O depoimento da Sra. Vida
As pessoas me tem como uma amiga. Nisso eu ganho da minha irmã. Sabe, a morte nunca é tida como bem-vinda.
Entretanto meu trabalho pode ser considerado mais difícil que o dela. Afinal, meu trabalho as vezes falha, pois algumas pessoas tem o hábito execrável de cometer suicídio diante de situações insustentáveis.
A morte nunca falha. Ou quase nunca... Com exceção das vezes em que brigamos pela alma de alguém. Daí fica aquele vai e vem que a pessoa não aguenta, e na maioria das vezes até entra em coma.
Costumam achar que a Vida e a Morte são inimigas. Mentira! Intriga! Eu e minha irmã nos damos muito bem. Essa história de ceifadora impiedosa é papo furado. Os humanos é que não tem o hábito de conversar com ela.
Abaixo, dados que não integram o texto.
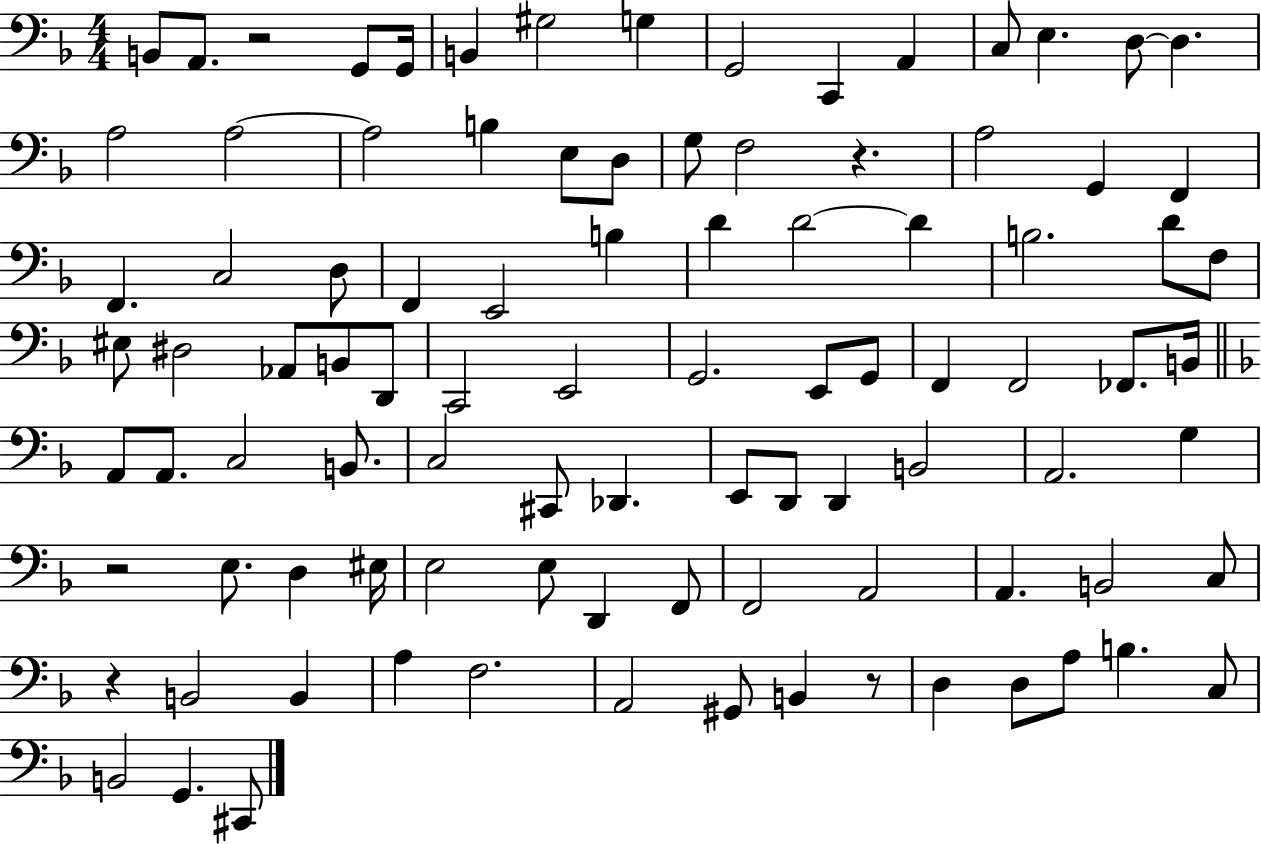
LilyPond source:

{
  \clef bass
  \numericTimeSignature
  \time 4/4
  \key f \major
  b,8 a,8. r2 g,8 g,16 | b,4 gis2 g4 | g,2 c,4 a,4 | c8 e4. d8~~ d4. | \break a2 a2~~ | a2 b4 e8 d8 | g8 f2 r4. | a2 g,4 f,4 | \break f,4. c2 d8 | f,4 e,2 b4 | d'4 d'2~~ d'4 | b2. d'8 f8 | \break eis8 dis2 aes,8 b,8 d,8 | c,2 e,2 | g,2. e,8 g,8 | f,4 f,2 fes,8. b,16 | \break \bar "||" \break \key d \minor a,8 a,8. c2 b,8. | c2 cis,8 des,4. | e,8 d,8 d,4 b,2 | a,2. g4 | \break r2 e8. d4 eis16 | e2 e8 d,4 f,8 | f,2 a,2 | a,4. b,2 c8 | \break r4 b,2 b,4 | a4 f2. | a,2 gis,8 b,4 r8 | d4 d8 a8 b4. c8 | \break b,2 g,4. cis,8 | \bar "|."
}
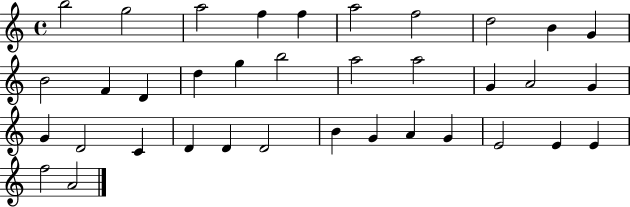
X:1
T:Untitled
M:4/4
L:1/4
K:C
b2 g2 a2 f f a2 f2 d2 B G B2 F D d g b2 a2 a2 G A2 G G D2 C D D D2 B G A G E2 E E f2 A2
Posso definir meu trabalho de uma maneira mais fácil à compreensão de todos: é como se eu publicasse um livro em branco, que ainda será escrito por outra pessoa, e eu esperasse ansiosa para que o livro se torne um best seller.
Alguns se tornam grandes sucessos sim, mas a grande maioria fracassa, e daí vem os insultos e rejeições a minha pessoa: “Essa vida é uma merda”; “A vida tá uma porcaria”; “Eu não aguento mais a vida”, etc...
Sim, as pessoas sempre são ingratas. Todas.
Eu passo toda a existência ao lado delas e no final o que eu ganho? Nada. Ninguém nunca reconhece meu trabalho. Quando alguém parte, só vejo lágrimas e só se fala na Morte. Mas em nenhum momento abrem a boca para me agradecer. Esquecem que quem deu duro a vida inteira do sujeito fui eu.
Mas sabem na verdade o que realmente me irrita? É quando minha irmã age feito uma criança. As vezes estou ao lado de alguém, tranquila, e de repente vem ela e tira a pessoa de mim, sem mais nem menos. Morte súbita é como chamam. Morte pentelha é como eu digo. Só que acham que eu deixo por menos? Ah, não senhor. Sacaneio com ela também.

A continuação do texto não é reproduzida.